Nicanor Duarte Frutos from the ruling Colorado Party figures with 31,1% vote intention, four points ahead over a month ago, followed by Pedro Fadul from the independent movement, Patria Querida, that jumped from third to second place.

Mr. Fadul displaced former vice-president César Franco from the main opposition party, Partido Liberal Radical Auténtico who actually dropped from 24,7% to 24,2%.

Other candidates have begun loosing strength as the election begins to polarize among the leading options.

Mr. Fadul is the candidate with most support in the capital Asunción and the Central Department, the country's main electorate circumscriptions and where he has 34,2 and 33,1% support, while Mr. Duarte leads in the rest of the country (mostly rural) with 34%.

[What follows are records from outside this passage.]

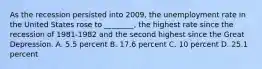 As the recession persisted into​ 2009, the unemployment rate in the United States rose to​ ________, the highest rate since the recession of 1981-1982 and the second highest since the Great Depression. A. 5.5 percent B. 17.6 percent C. 10 percent D. 25.1 percent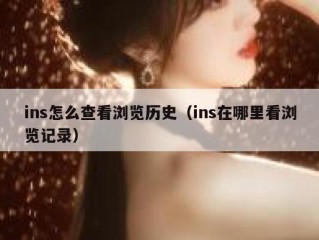 ins怎么查看浏览历史（ins在哪里看浏览记录）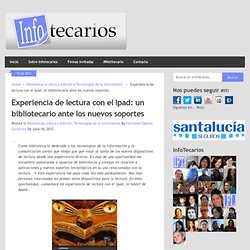 Experiencia de lectura con el Ipad: un bibliotecario ante los nuevos soportes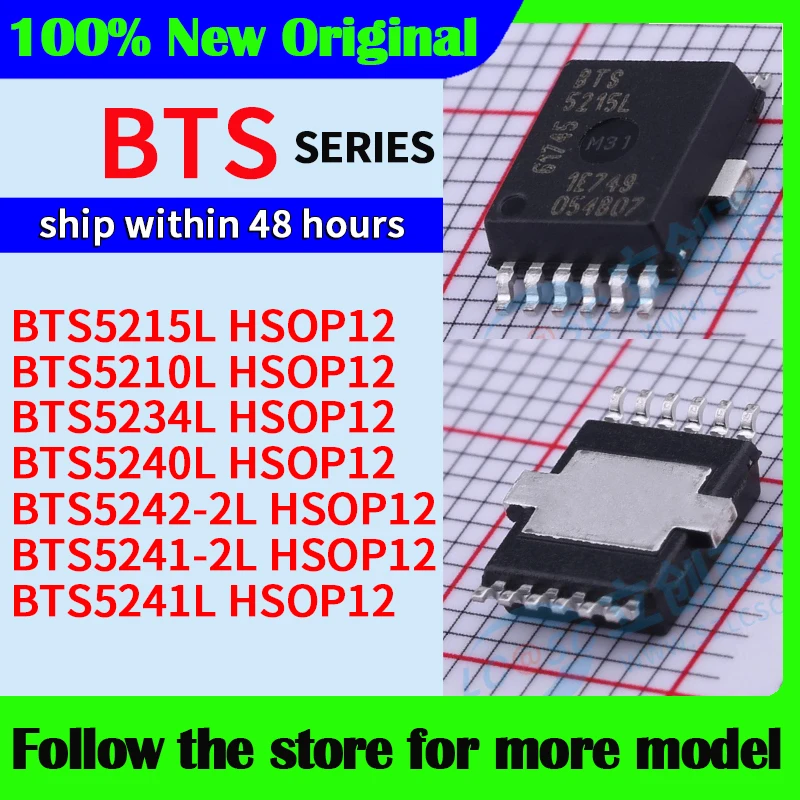 

BTS5215L BTS5210L BTS5234L BTS5240L BTS5242-2L BTS5241-2L BTS5241L HSOP12 In stock 48 hours ship
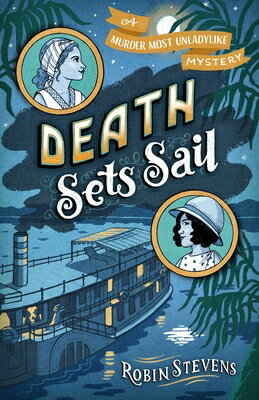 Death Sets Sail DEATH SETS SAIL （A Murder Most Unladylike Mystery） Robin Stevens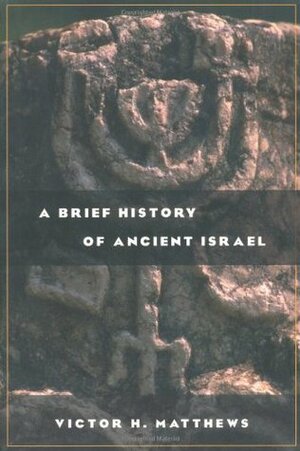 A Brief History of Ancient Israel by Victor H. Matthews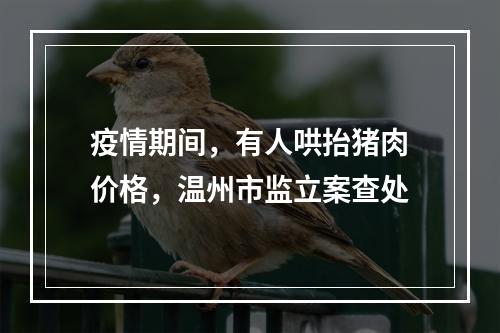 疫情期间，有人哄抬猪肉价格，温州市监立案查处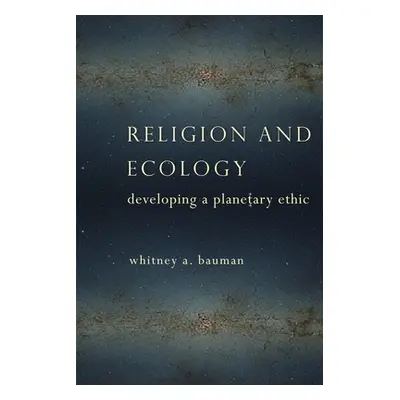 "Religion and Ecology: Developing a Planetary Ethic" - "" ("Bauman Whitney")(Paperback)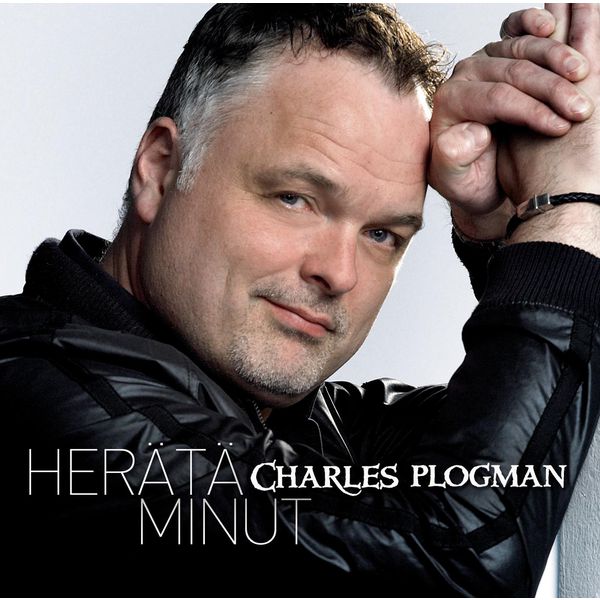 Charles Plogman - Herätä minut Charles Plogman - Herätä minut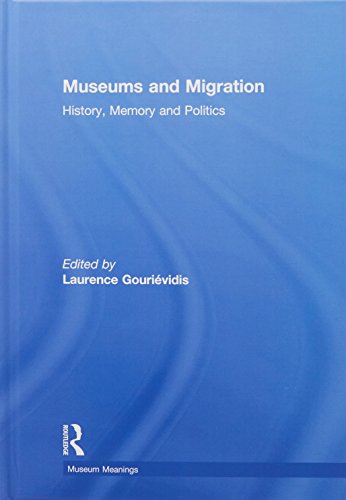 Museums and Migration: History, Memory and Politics  Edition (PDF Instant Download)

Next April 27 the Paraguayan electorate will be choosing caretaker president Luis González Macchi successor, a new Congress (45 Senators and 80 Deputies), and the local authorities of the country's 17 Departamentos (counties).

Paraguay is in the midst of a deep institutional and financial crisis following political and social unrest, the collapse of the banking system and spill over effects of the Argentine meltdown.

Record traffic congestion

Over 3,000 trucks loaded with soybeans, corn and wheat are waiting to reach the port of Rosario on the Paraná river, causing a monumental traffic jam in this city with a 1,5 million population.

Rosario is Argentina's main cereal exporting port and this year 42,5 million tons, 80% of the country's grains, oil seeds and sub-products will be shipped from its wharfs, a 2% increase over last year and 6% over 2001.

Although the problem is not new, rather recurrent when harvest time, the successive record crop years of Argentina and lack of new infrastructure have worsened the situation.

However the current disruption of Rosario's traffic and in the main accesses to the city is not over, at the end of March the first trucks of a record soybean harvest will begin attempting to reach port facilities.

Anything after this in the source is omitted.